Exercise prompt: Below are some records. Return exactly the lines from the one with "Ruby 2 Apartament *" to the one with "Zilla Parishad Chairperson", and nothing else.

Excerpted data:
# # # # #

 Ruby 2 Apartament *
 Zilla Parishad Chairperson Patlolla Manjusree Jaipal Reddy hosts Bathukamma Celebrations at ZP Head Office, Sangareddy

# # # # #

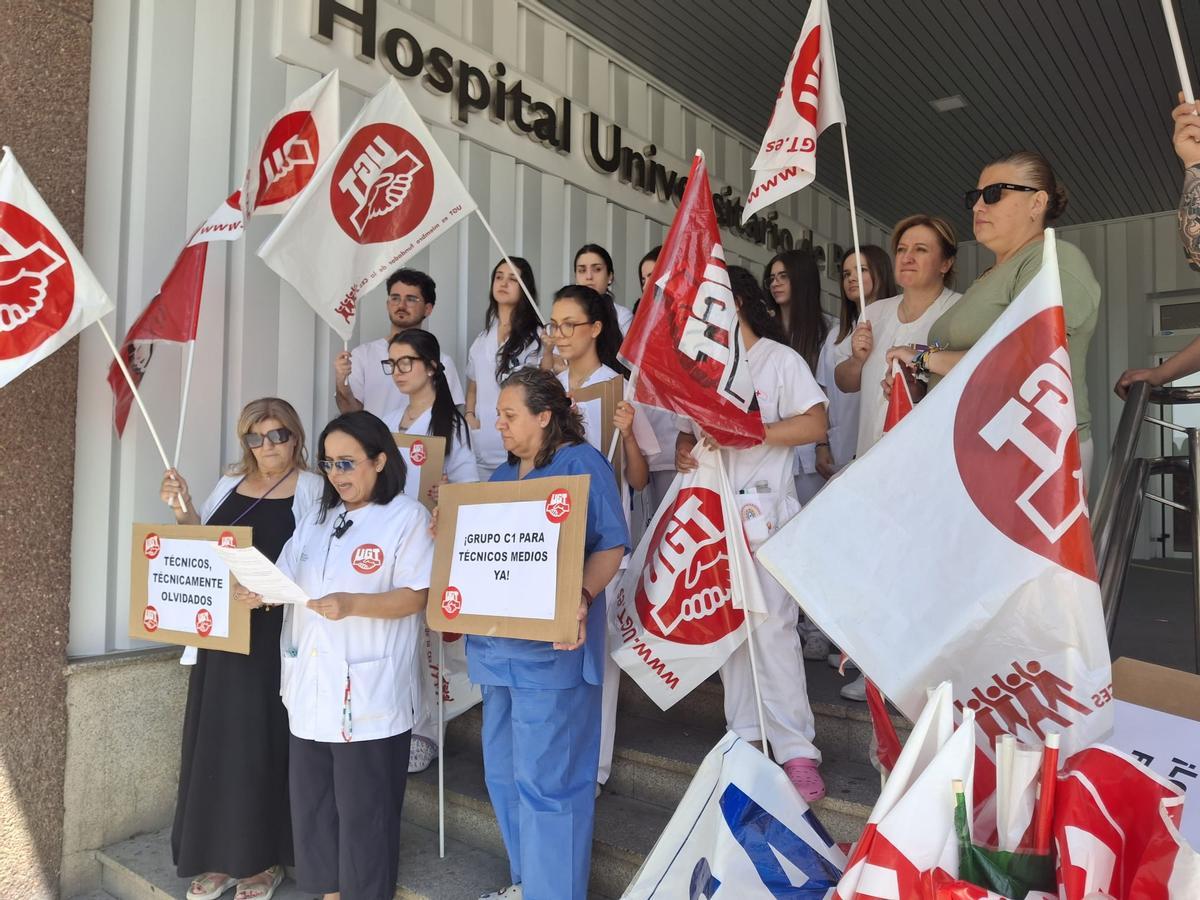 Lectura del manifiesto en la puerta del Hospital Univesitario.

# # # # #

Output below:
 Ruby 2 Apartament *
 Zilla Parishad Chairperson Patlolla Manjusree Jaipal Reddy hosts Bathukamma Celebrations at ZP Head Office, Sangareddy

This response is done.